A study of juvenile delinquency, the novel is set in a near future England dominated by extreme youth violence in an ambience of unrest and inequality. However, rather than simply condemning the cruel violence perpetrated on defenceless people by Alex, the teenage protagonist, and his gang, Burgess brings in issues of the moral legitimacy of a state-controlled programme of psychological rehabilitation that converts Alex into a meek conformist and a victim of violence in turn. Alex loses the essence of his being, thereby losing his taste not only for violence but also for classical music that was the only noble thing that energised him.
In the end, he is shown to overcome his conditioning and return to his violent ways, proving the ultimate inefficacy of any coerced programme of moral uplift.

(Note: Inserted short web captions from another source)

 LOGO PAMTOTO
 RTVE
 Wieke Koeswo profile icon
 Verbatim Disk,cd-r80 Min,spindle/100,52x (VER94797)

This intended ending was later supplemented with an added final chapter, in which Alex eschews violence and cruelty by choice. This ultimate chapter was omitted in the American edition of the novel and, consequently, in Kubrick’s film, and this, perhaps, was partly to blame for the way Burgess’s intention in the novel was misunderstood.Here was a novel—reckoned by the Modern Library as among the 100 best English language novels written in the 20th century—that posed difficult moral-philosophical questions pertaining to the dynamics of state power and the individual’s liberty, the possibility of nurture overcoming nature, and, ultimately, to the nature of goodness itself. As Burgess later put it, “Is it better for a man to have chosen evil than to have good imposed upon him?” In other words, how is a modern society to negotiate the difficult interchange between individual will and society’s requirements? Does not a man cease to be a man if he ceases to choose?
This moral earnestness of the novel was, however, balanced by a play of lively wit, a near-perfect sense of the comic, and above all, the linguistic virtuosity displayed in a unique lingo—the “nadsat”—that was a blend of pure invention with elements of English slang and the Russian language. Indeed, wit, innovation, supple prose, and ‘high moral seriousness’ always exists seamlessly together in Burgess’ work—right from his Malayan trilogy The Long Day Wanes (1956-59), through the loosely autobiographical Inside Mr. Enderby, up to his later fiction, which includes the ambitious Earthly Powers (1980).
Anthony Burgess, the recipient of several honours, English and French, one feels, is to be remembered ultimately as a writer whose body of work consistently illustrates the Horacean adage that good literature combines both entertainment and moral gravitas—that searching social critiques need not be arid, or that erudition need not eschew wit at all.